The nation’s largest and most comprehensive state university system, The State University of New York (SUNY), was founded at Potsdam, New York in 1816. Years later, the Morrill Act of 1862 led to the creation of four Ivy League land-grant SUNY colleges, which now currently exist at Cornell University. SUNY was officially established in February 1948 when New York became the 48th state to create a state university system. SUNY initially represented a consolidation of 29 unaffiliated institutions, including 11 teachers’ colleges. All of these colleges, with their unique histories and backgrounds, united for a common goal: To serve New York State. Since 1948 SUNY has grown to include 64 individual colleges and universities that were either formerly independent institutions or directly founded by the State University of New York.

Today, the State University of New York's 64 geographically dispersed campuses bring educational opportunity within commuting distance of virtually all New Yorkers and comprise the nation's largest comprehensive system of public higher education. The State University of New York’s 64 campuses are divided into four categories, based on educational mission, the kinds of academic opportunities available, and degrees offered. SUNY offers students a wide diversity of educational options: short-term vocational/technical courses, certificate programs, associate degree programs, baccalaureate degree programs, graduate degrees, and post-doctoral studies.

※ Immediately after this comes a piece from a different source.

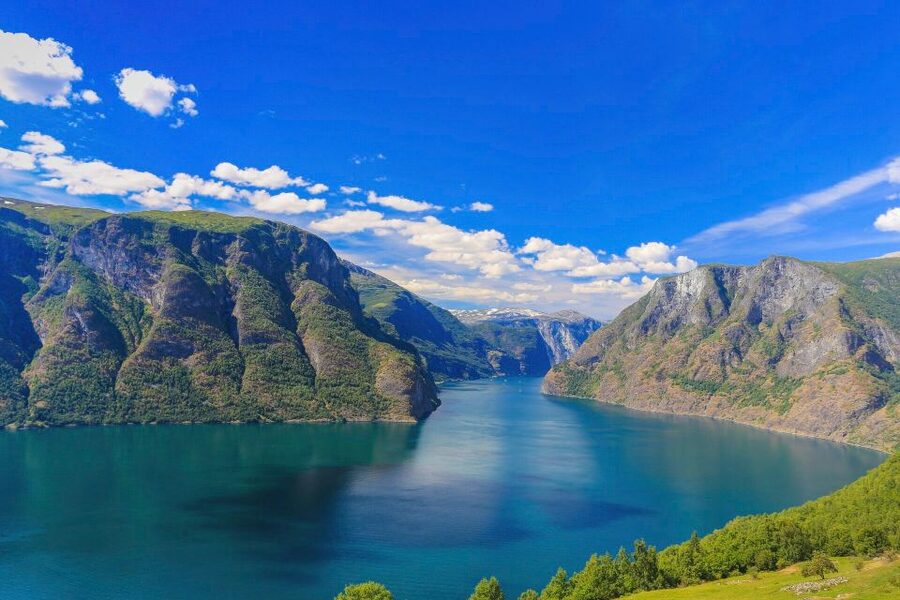 Flåm: Borgund Stave Church, Lærdal, and Stegastein Tour - Is $146 a fair price?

The University offers access to almost every field of academic or professional study somewhere within the system via 7,669 degree and certificate programs overall.

SUNY students represent the society that surrounds them. In January 2008, 19.9% of all enrolled students were minorities. While SUNY students are predominantly New York State residents, representing every one of the state's 62 counties, they also hail from every other state in the United States, the District of Columbia, four U.S. territories, and 168 foreign countries. SUNY enrolls 40% of all New York State high school graduates, and the total enrollment of 418,000 full-time and part-time students represents 37% of New York State’s higher education student population. SUNY alumni number over 2.4 million graduates residing in New York State and throughout the world.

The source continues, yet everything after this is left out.